Data records -
==============================
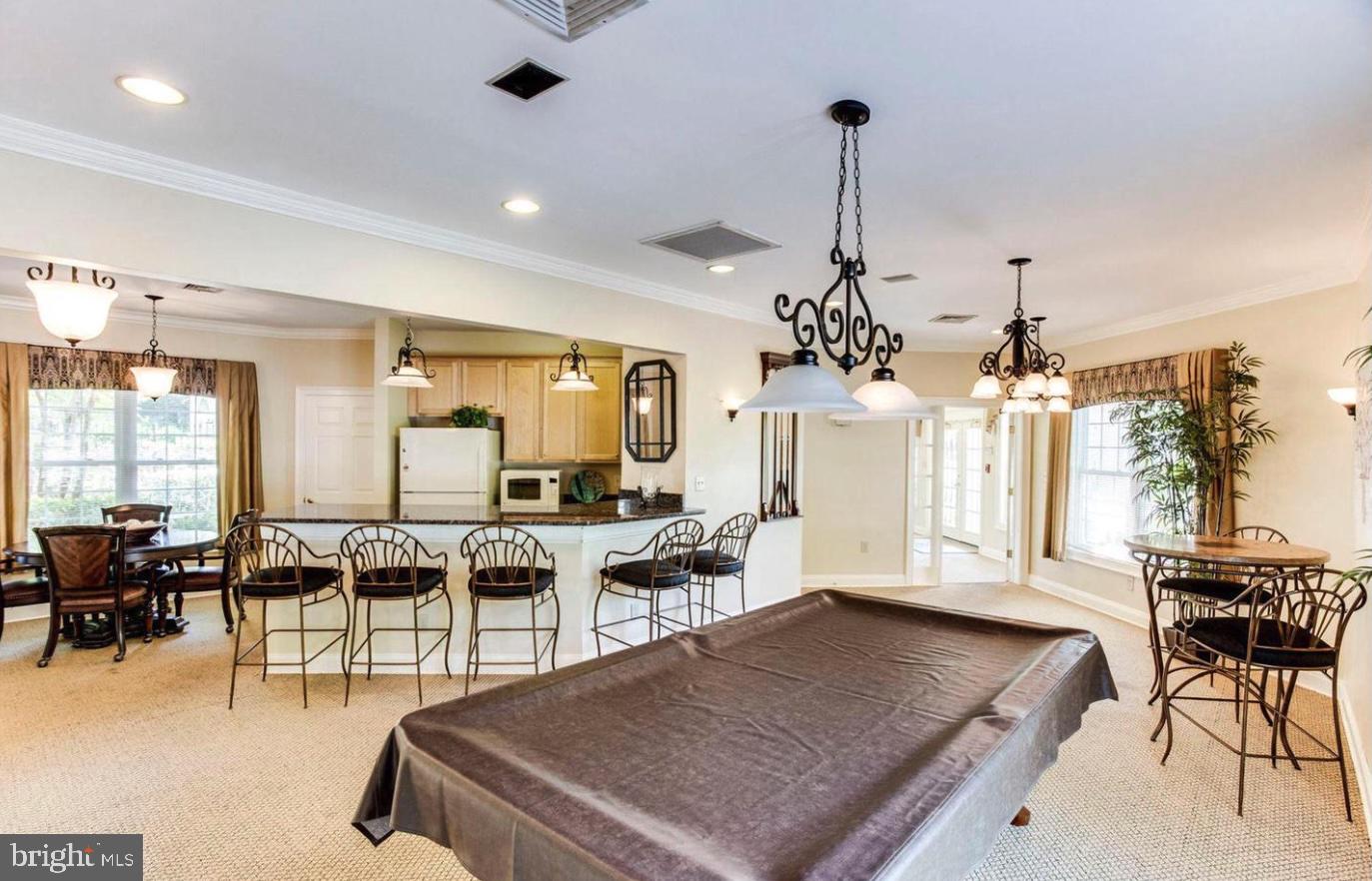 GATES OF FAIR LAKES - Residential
==============================
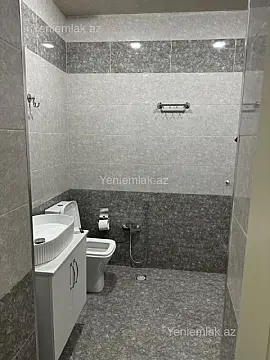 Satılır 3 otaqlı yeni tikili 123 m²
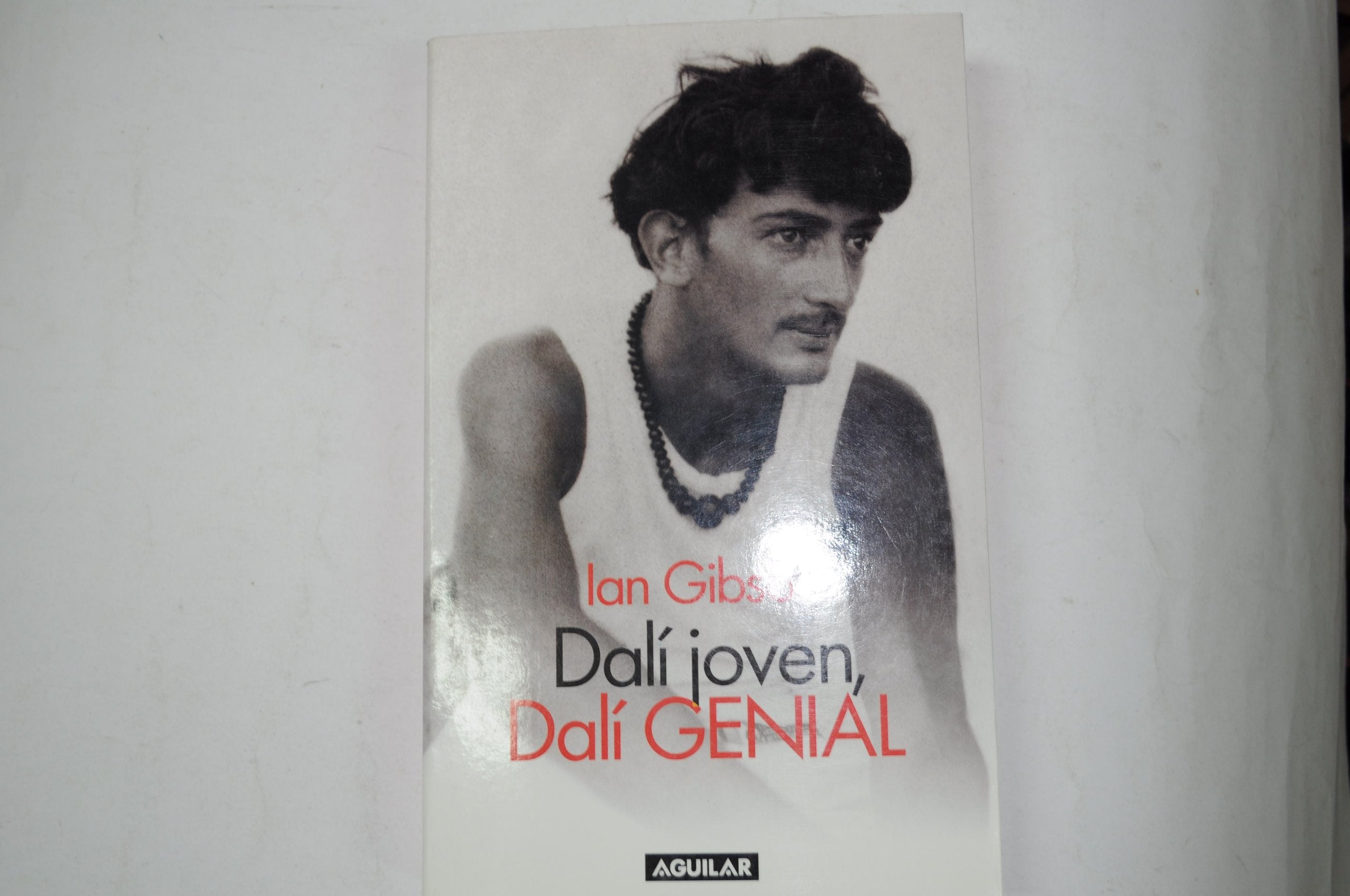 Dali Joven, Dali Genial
==============================
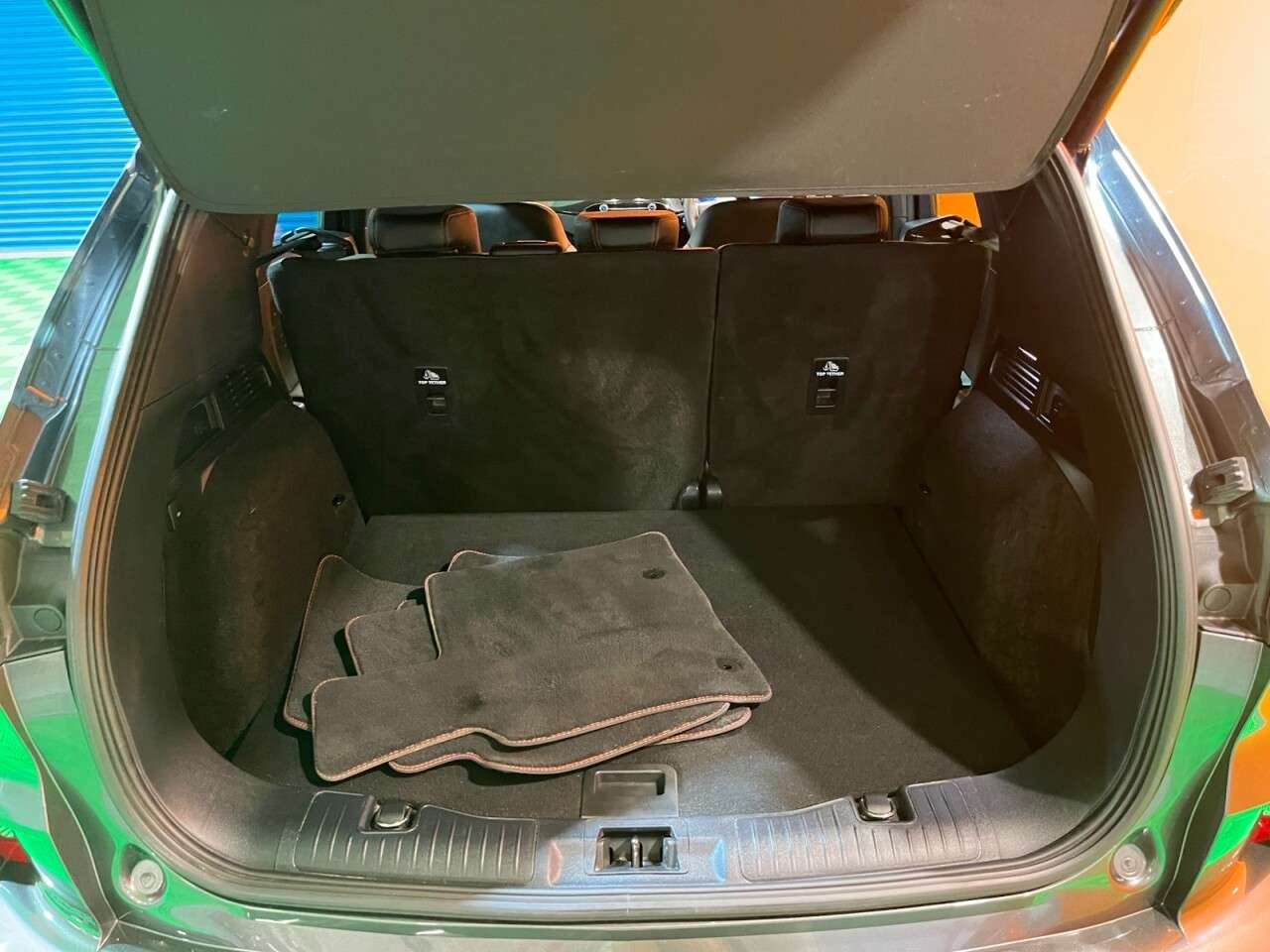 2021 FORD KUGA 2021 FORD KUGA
==============================
Work to complete - What you write out is the stretch of entries from the line containing "Satılır 3 otaqlı yeni tikili 123 m²" to the line containing "Dali Joven, Dali Genial", word for word, with both end lines and no pictures.

Task solution -
 Satılır 3 otaqlı yeni tikili 123 m²
 Dali Joven, Dali Genial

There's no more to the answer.